Historic mansion in Wisconsin

George Schuster House (1891) also known as The Wells Street Red Castle, is located in Milwaukee, Wisconsin. The German Renaissance Revival mansion was built for tobacco magnate George Schuster. It is listed on the neighborhood, city, national and state Register of Historic Places. It was added to the National Register of Historic Places listings in Milwaukee (NRHP) in 1986.

==History==
In 1891 the 9300 sqft brick mansion was commissioned by tobacco magnate George Schuster. He purchased land for his home in August 1891. In September 1891, he was issued a construction permit. The home has 8 bedrooms and 3.5 baths was designed by Crane and Barkhausen. The architects also designed a Coach-house and it was built at the same time. Schuster died in 1922 and in by 1923 the home was vacant. In 1924 it was sold to Jean B. Olinger, who divided the home into 6 apartments.

People began calling the home the Redstone Apartments. By 1982 there were two more apartments added and it became an 8 family. By 2008 it was a bed and breakfast with seven units. People also began calling the home The Wells Street Red Castle because of the red brick.

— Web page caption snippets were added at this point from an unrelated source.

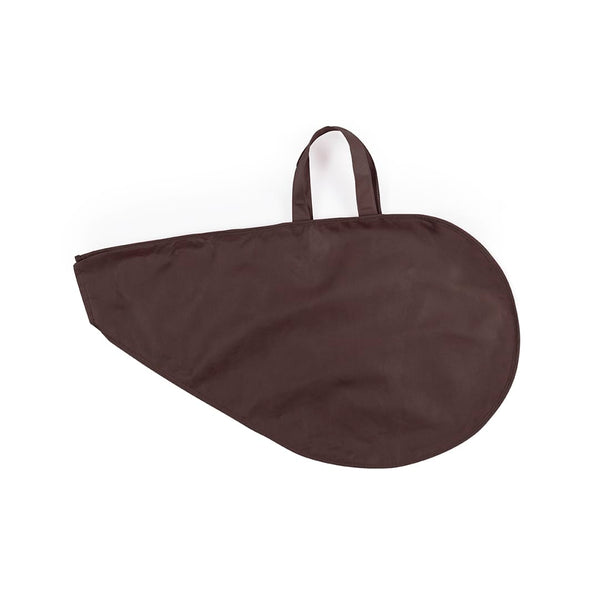 Borsa per Prosciutto Bidul marrone - personalizzabile con logo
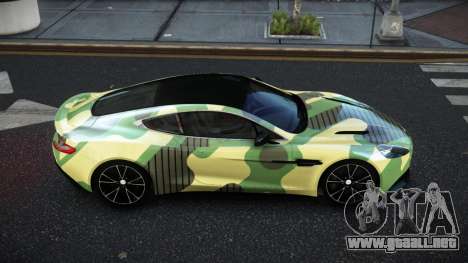 Aston Martin Vanquish R7X S8 para GTA 4
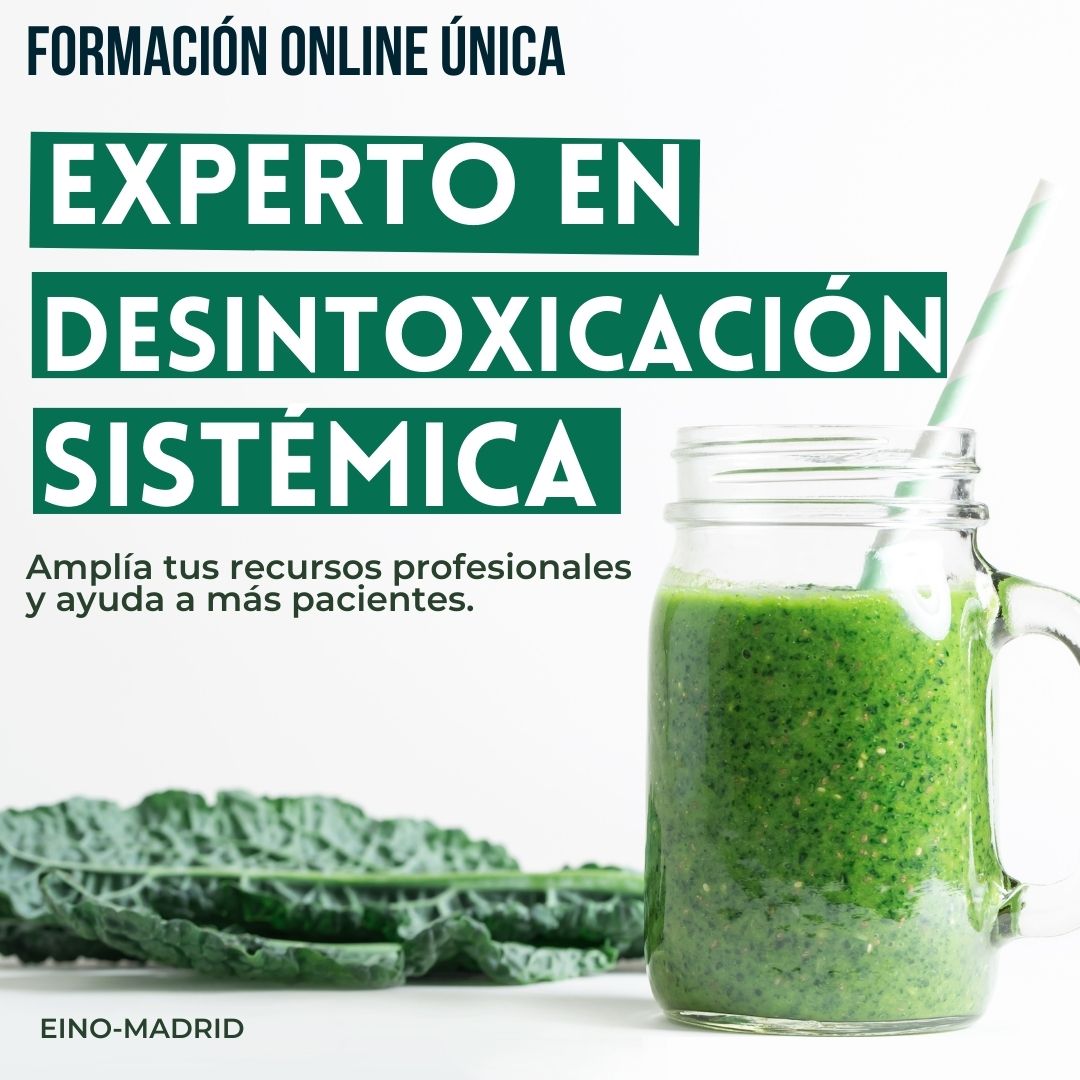 Curso Experto en Desintoxicación Sistémica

The home was listed on the neighborhood, city, national and state Register of Historic Places. It was listed on the Wisconsin State Register January 16, 1986 and on the National Register of Historic Places listings in Milwaukee January 1, 1989.

==Description==
The home was constructed with red sandstone, red brick and red Terracotta. The building took on the appearance of a European castle with other influences, including: Gothic Revival architecture, Châteauesque, Romanesque architecture, German Renaissance Revival and some Colonial Revival architecture. The home features two towers and a facade of fleur-de-lis to Trefoils, rondels, Pilasters and lions’ heads. The home is full of difficult angles and transitions along with detailed layers. The home has hardwood floors, high ceilings and wood throughout with a formal dining room and a library.